Task to carry out — From the entries that follow, copy exactly the lines beginning at the line holding "Image No.36-5 Bed Townhouse for sale" and continuing through the line holding "9257 Natures Trl, Biloxi, MS 39532".

Saved entries
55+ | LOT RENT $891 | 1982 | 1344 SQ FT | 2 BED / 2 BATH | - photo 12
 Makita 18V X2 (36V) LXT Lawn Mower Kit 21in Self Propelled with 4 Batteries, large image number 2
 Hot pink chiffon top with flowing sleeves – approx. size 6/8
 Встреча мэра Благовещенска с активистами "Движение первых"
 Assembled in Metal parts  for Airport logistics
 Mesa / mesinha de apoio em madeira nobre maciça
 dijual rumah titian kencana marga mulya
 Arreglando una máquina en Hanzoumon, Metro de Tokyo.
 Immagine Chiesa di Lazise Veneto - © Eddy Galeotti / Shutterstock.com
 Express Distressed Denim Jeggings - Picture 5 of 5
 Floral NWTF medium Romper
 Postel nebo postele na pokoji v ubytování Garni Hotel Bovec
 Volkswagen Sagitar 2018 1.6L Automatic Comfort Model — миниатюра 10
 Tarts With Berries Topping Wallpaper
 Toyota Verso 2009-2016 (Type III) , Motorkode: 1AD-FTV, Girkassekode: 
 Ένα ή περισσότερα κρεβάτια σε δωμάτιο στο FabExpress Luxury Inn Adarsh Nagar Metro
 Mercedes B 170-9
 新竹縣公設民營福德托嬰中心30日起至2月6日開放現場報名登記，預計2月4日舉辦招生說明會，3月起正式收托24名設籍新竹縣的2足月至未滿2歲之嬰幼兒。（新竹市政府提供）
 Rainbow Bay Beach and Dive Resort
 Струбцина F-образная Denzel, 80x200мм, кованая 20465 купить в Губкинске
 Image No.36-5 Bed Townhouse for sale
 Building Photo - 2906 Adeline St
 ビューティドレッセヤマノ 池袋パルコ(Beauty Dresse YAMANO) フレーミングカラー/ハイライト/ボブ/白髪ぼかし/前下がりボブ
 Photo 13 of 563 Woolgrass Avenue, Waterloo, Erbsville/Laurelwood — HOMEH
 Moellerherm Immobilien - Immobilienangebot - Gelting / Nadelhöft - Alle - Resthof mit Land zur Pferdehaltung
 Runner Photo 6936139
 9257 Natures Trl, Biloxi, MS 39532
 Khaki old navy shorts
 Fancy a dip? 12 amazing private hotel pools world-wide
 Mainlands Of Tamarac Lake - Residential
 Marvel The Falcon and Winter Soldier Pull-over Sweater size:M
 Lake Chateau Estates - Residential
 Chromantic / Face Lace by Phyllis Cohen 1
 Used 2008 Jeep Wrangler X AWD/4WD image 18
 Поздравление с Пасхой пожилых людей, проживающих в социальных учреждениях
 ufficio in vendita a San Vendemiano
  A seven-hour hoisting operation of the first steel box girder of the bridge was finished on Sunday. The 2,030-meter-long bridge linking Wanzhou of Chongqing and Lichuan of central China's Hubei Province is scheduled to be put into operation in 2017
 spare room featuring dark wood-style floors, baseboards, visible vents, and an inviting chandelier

Exercise result —
 Image No.36-5 Bed Townhouse for sale
 Building Photo - 2906 Adeline St
 ビューティドレッセヤマノ 池袋パルコ(Beauty Dresse YAMANO) フレーミングカラー/ハイライト/ボブ/白髪ぼかし/前下がりボブ
 Photo 13 of 563 Woolgrass Avenue, Waterloo, Erbsville/Laurelwood — HOMEH
 Moellerherm Immobilien - Immobilienangebot - Gelting / Nadelhöft - Alle - Resthof mit Land zur Pferdehaltung
 Runner Photo 6936139
 9257 Natures Trl, Biloxi, MS 39532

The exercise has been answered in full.